Friday, August 28, 2009

Linux on Netbooks and Whiskers on Kittens

This is going to be a long post, but I think (hope?) it will be worth it to many of you.

I’ve blogged previously about the Inspired Writing project that began this summer in my school district. Briefly, all 5th grade classrooms, all 6th grade Language Arts classrooms, and all 9th grade Language Arts classrooms now have ASUS EeePC 1000 netbook computers. (We hope to expand it to grades 5-12 eventually.) Those teachers also went through staff development this summer based around improving reading and writing skills through the use of technology.

At Arapahoe this means that we have 198 new EeePC 1000’s this fall. This gives us a 1:1 ratio in our 9th grade Language Arts classrooms (we have a few sections using Dell laptops that we had previously purchased with grant money), plus we purchased an additional twelve for our Special Services Department, four for our Study Center, and twenty-four for our media center for student check out. (For now, students can check out a EeePC for use in the media center for a class period at a time. Once we get settled in, we’re hoping to expand that for longer time periods and not restrict it to the media center.)

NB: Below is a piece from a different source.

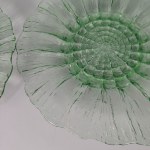 Two Cora Plates - HSG Ząbkowice - Designed by Eryka Trzewik-Drost - Green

Our district settled on the EeePC’s for many reasons, two of which were licensing costs and imaging issues. We ordered EeePC’s with Xandros Linux, and they utilize our PODnet wireless network to connect to the Internet, meaning that we don’t have to worry about Microsoft licensing costs (they’re running Open Office). And the Eee’s have a built-in restore mechanism that will reset them back to factory condition, thereby minimizing technical support issues (which is critical as my district, like most these days, has had to cut positions).

So one of my self-assigned jobs this summer was to learn more about Linux in order to both support and hopefully improve the implementation of this project. So at NECC I approached Steve Hargadon, who is my go-to person in my PLN for all things open source. For those of you who know Steve, you won’t be surprised that when I finally tracked him down he was running from one presentation to another, but he kindly gave me several names to contact that he thought could help me out. They all did, but one in particular ended up helping me out more than I could’ve expected.

Jim Klein is the Director of Information Services and Technology for the Saugus Union School District in the Santa Clarity Valley in Northern Los Angeles County. When I contacted Jim with some questions, he answered them, but then also mentioned that he had an imaging process I might want to take a look at. Well, not only did he have an imaging process, but he had extensive, step-by-step documentation for how to do it. This documentation is so good that even I, pretty much completely new to Linux, could figure it out. (Jim and I did end up trading well over fifty emails over a variety of questions, which was way above and beyond the call of duty on Jim’s part, but that was mostly due to one typo on the documentation that we eventually figured out and my apparently inexhaustible capability for asking questions.)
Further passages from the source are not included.